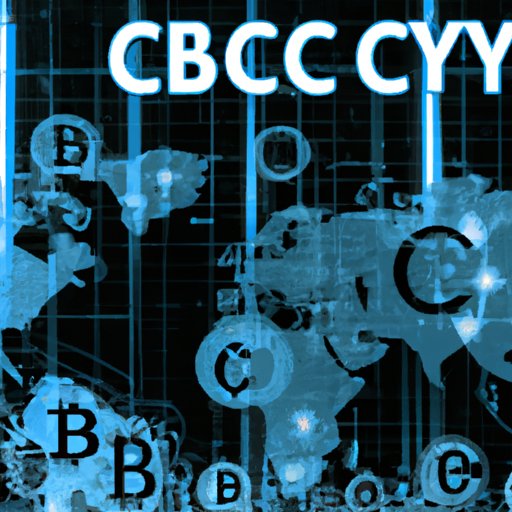 Evaluating the Impact of Cryptocurrency on the Global Economy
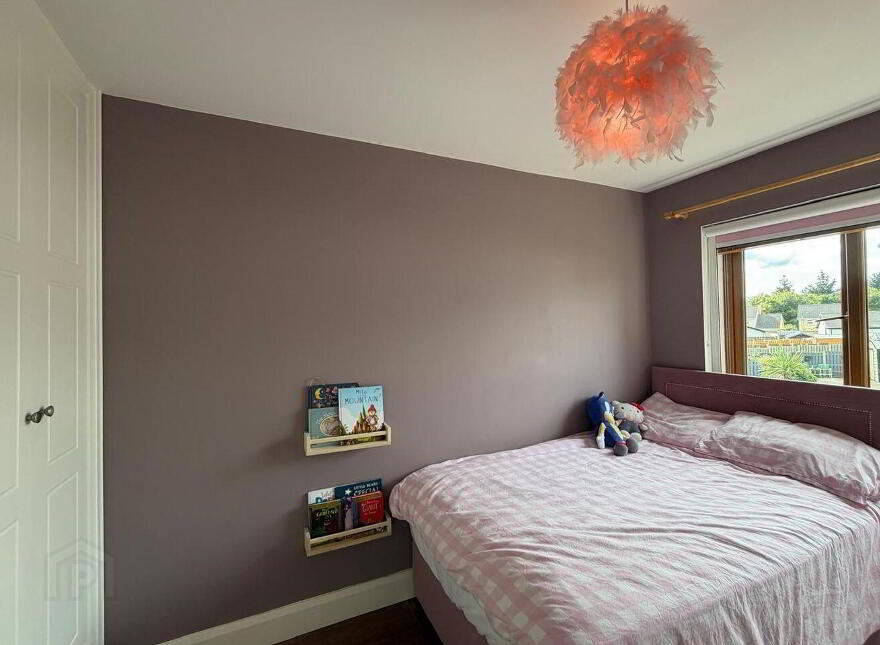 11 Carlinn Drive, Mullaharlin Road, Dundalk, A91Y67T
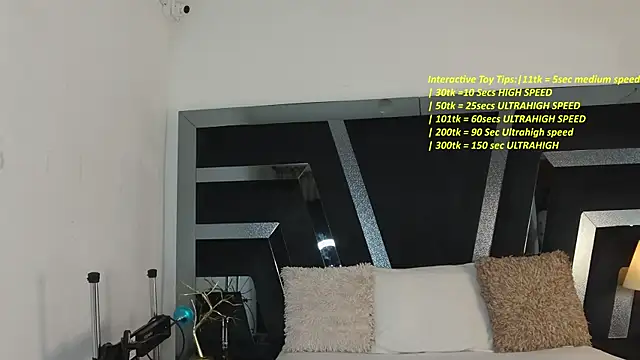 Kassandra xxx online show from July 27, 7:54 pm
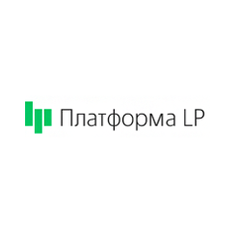 PlatformaLP.ru - информация о компании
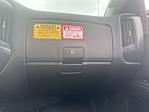 2024 Chevrolet Silverado 4500 DRW RWD Crysteel Dump Truck for sale #241662 - photo 11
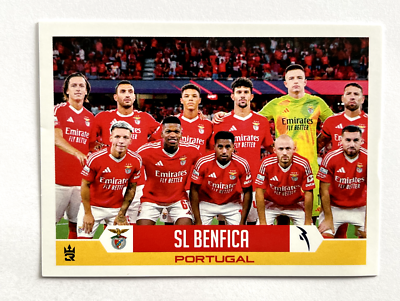 Benfica : un joueur de Porto veut voir Angel Di Maria rester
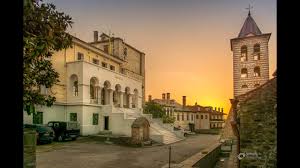 αρχείο λήψης (2)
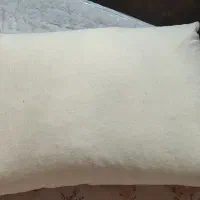 بالش پر|رختخواب، بالش، پتو|تهران, صادقیه|دیوار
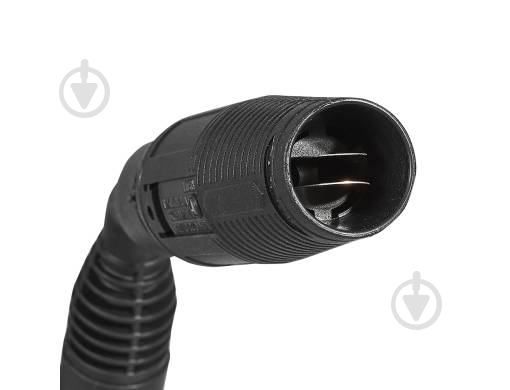 Фреза Vitals кутова 57882 - фото 4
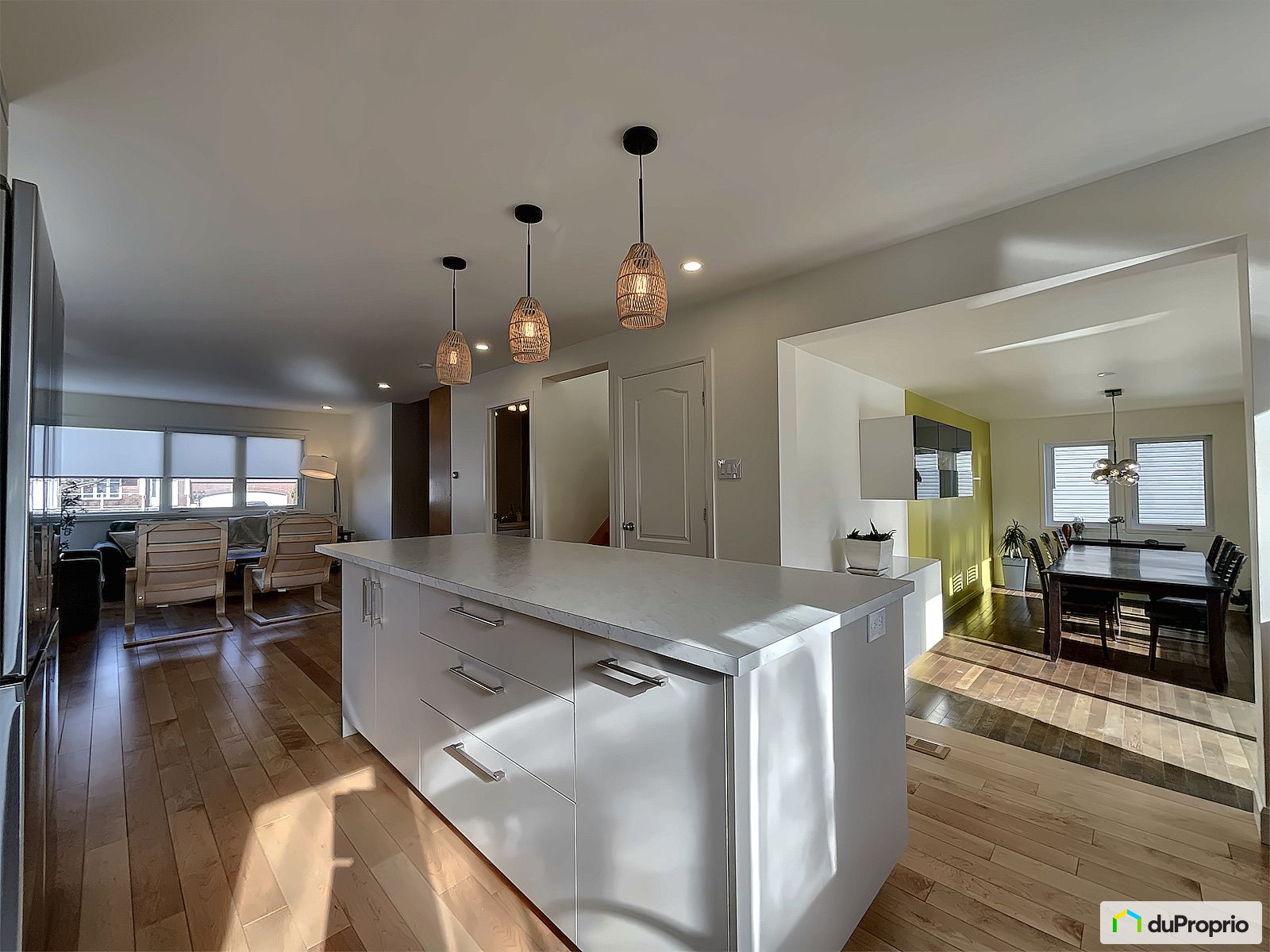 561 Rue De Coubertin — photo 3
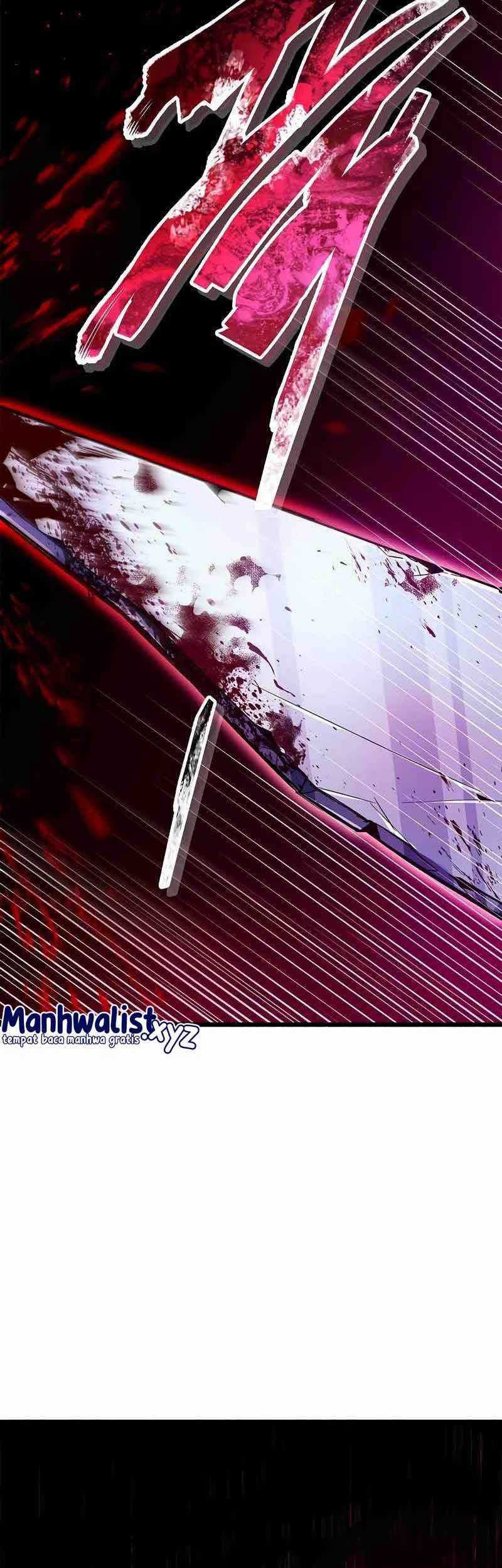 The Player Hides His Past Chapter 38 Gambar 73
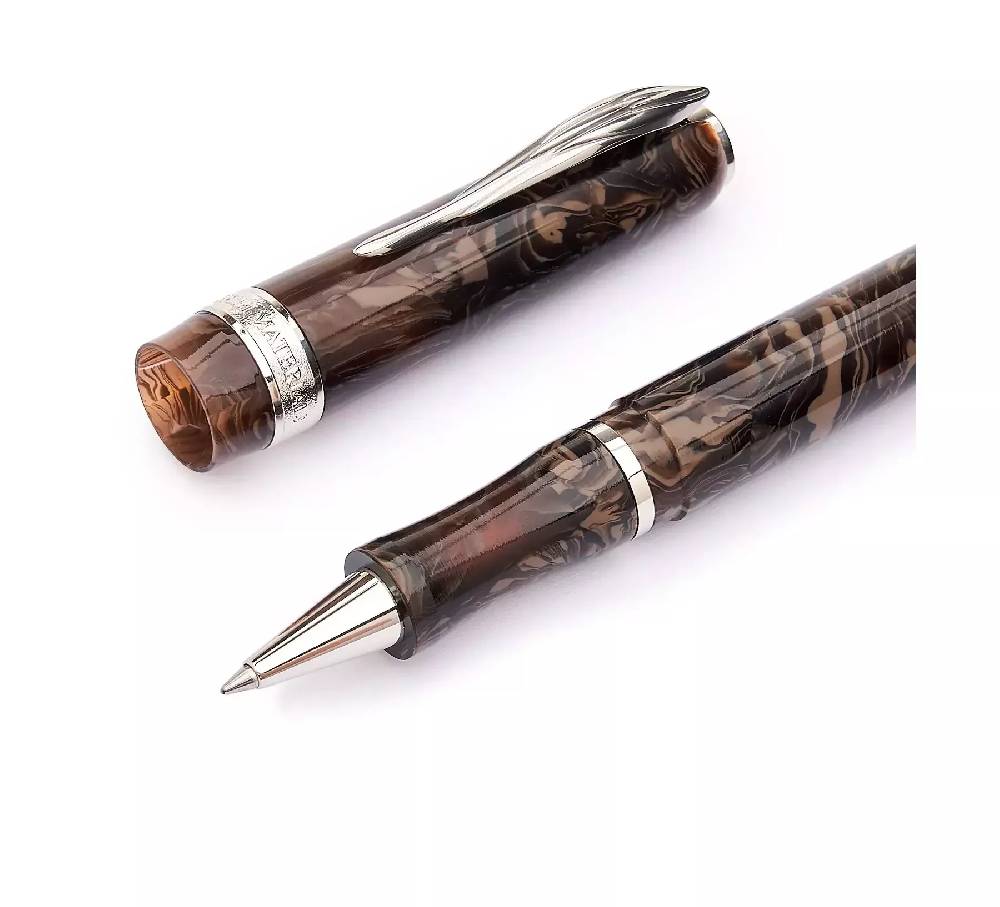 Pineider Penna Roller Antichi Materiali Negozi Online
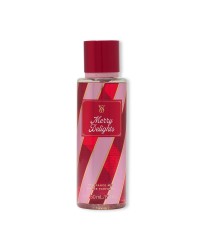 Спрей Merry Delights Fragrance Mist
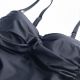 4. Badeanzug, Oberteil AquaWave Carina Top Wwmns Ps W 92800593868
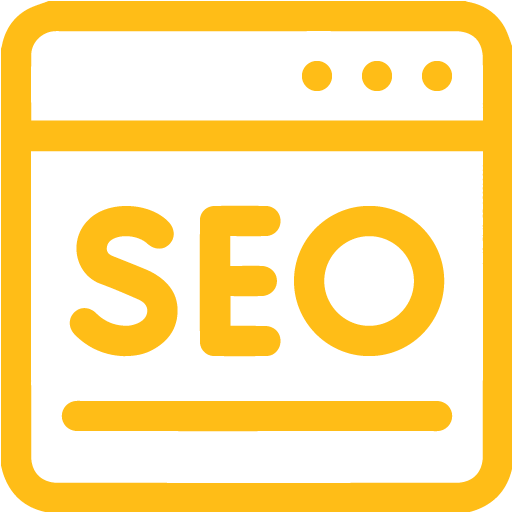 SEO Services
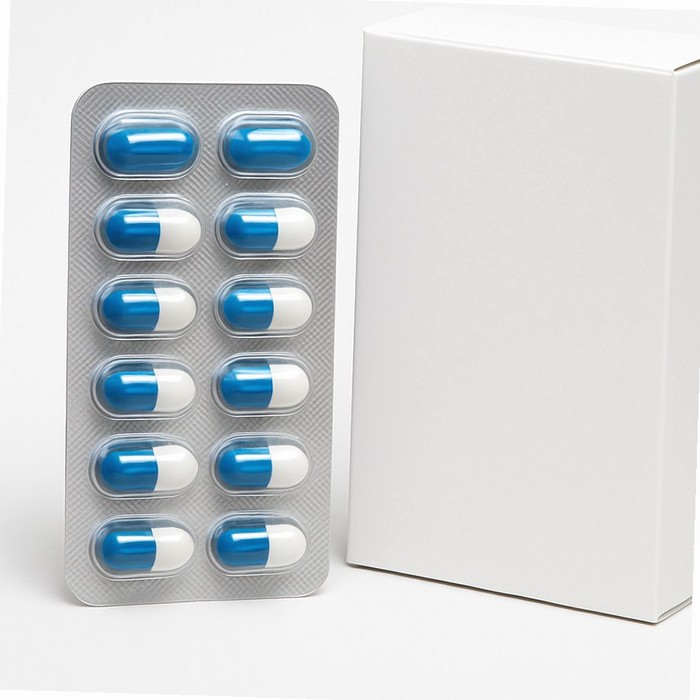 Cellplus up integrat 90cps main product photo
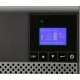 ИБП Eaton 5P - 850ВА
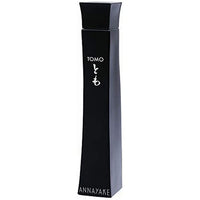 Amazon imagen 3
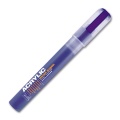 Acrylic Marker 2,0 mm, S4220 lilac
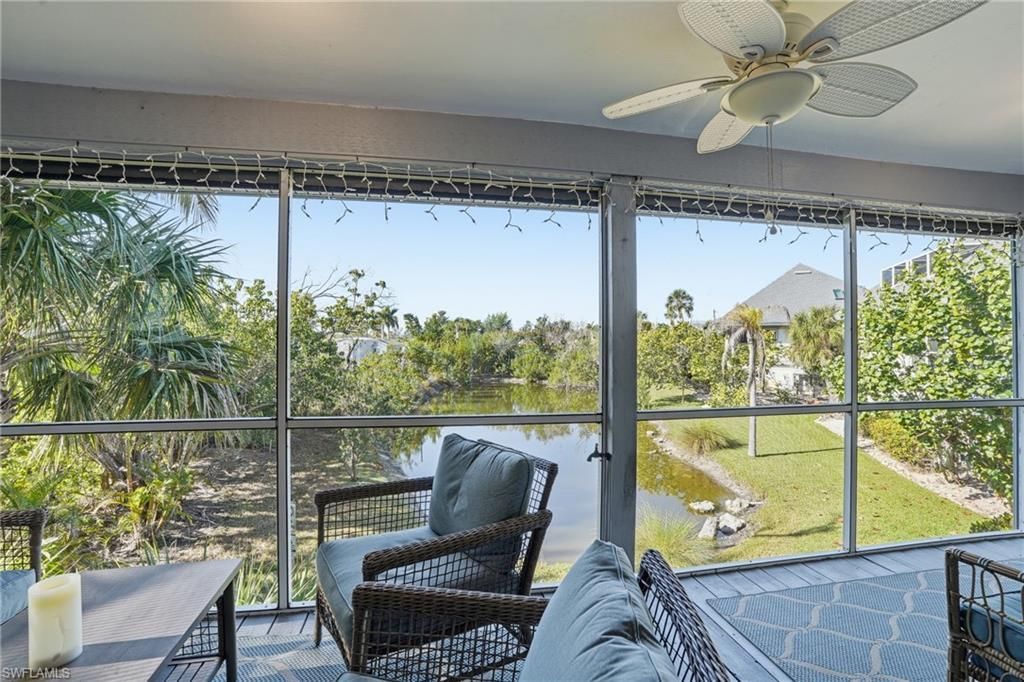 1039 Beach Rd , Unit 101, Sanibel, FL 33957 Photo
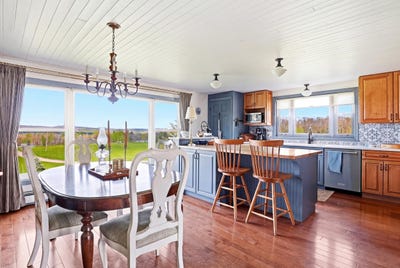 /international/us/557-s-barnstead-road-barnstead-nh-110107875451/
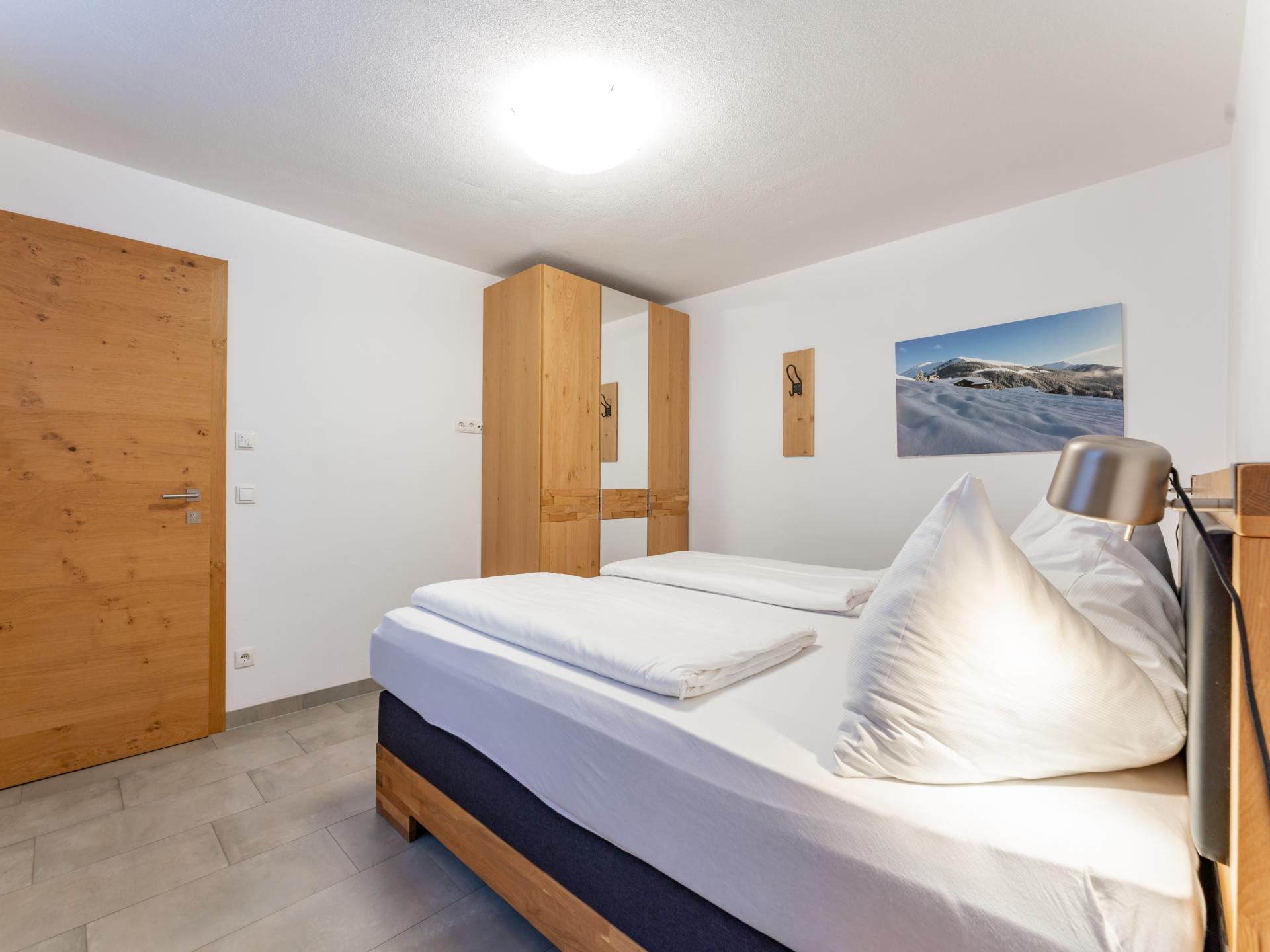 Centraal gelegen modern appartement aan de piste in Leogang - foto 19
:::::
> [What you have to do]: The lines from the one containing "Kassandra xxx online" up to and including the last line of the material above are to be given again exactly; any pictures are dropped.

> [Result]:
 Kassandra xxx online show from July 27, 7:54 pm
 PlatformaLP.ru - информация о компании
 2024 Chevrolet Silverado 4500 DRW RWD Crysteel Dump Truck for sale #241662 - photo 11
 Benfica : un joueur de Porto veut voir Angel Di Maria rester
 αρχείο λήψης (2)
 بالش پر|رختخواب، بالش، پتو|تهران, صادقیه|دیوار
 Фреза Vitals кутова 57882 - фото 4
 561 Rue De Coubertin — photo 3
 The Player Hides His Past Chapter 38 Gambar 73
 Pineider Penna Roller Antichi Materiali Negozi Online
 Спрей Merry Delights Fragrance Mist
 4. Badeanzug, Oberteil AquaWave Carina Top Wwmns Ps W 92800593868
 SEO Services
 Cellplus up integrat 90cps main product photo
 ИБП Eaton 5P - 850ВА
 Amazon imagen 3
 Acrylic Marker 2,0 mm, S4220 lilac
 1039 Beach Rd , Unit 101, Sanibel, FL 33957 Photo
 /international/us/557-s-barnstead-road-barnstead-nh-110107875451/
 Centraal gelegen modern appartement aan de piste in Leogang - foto 19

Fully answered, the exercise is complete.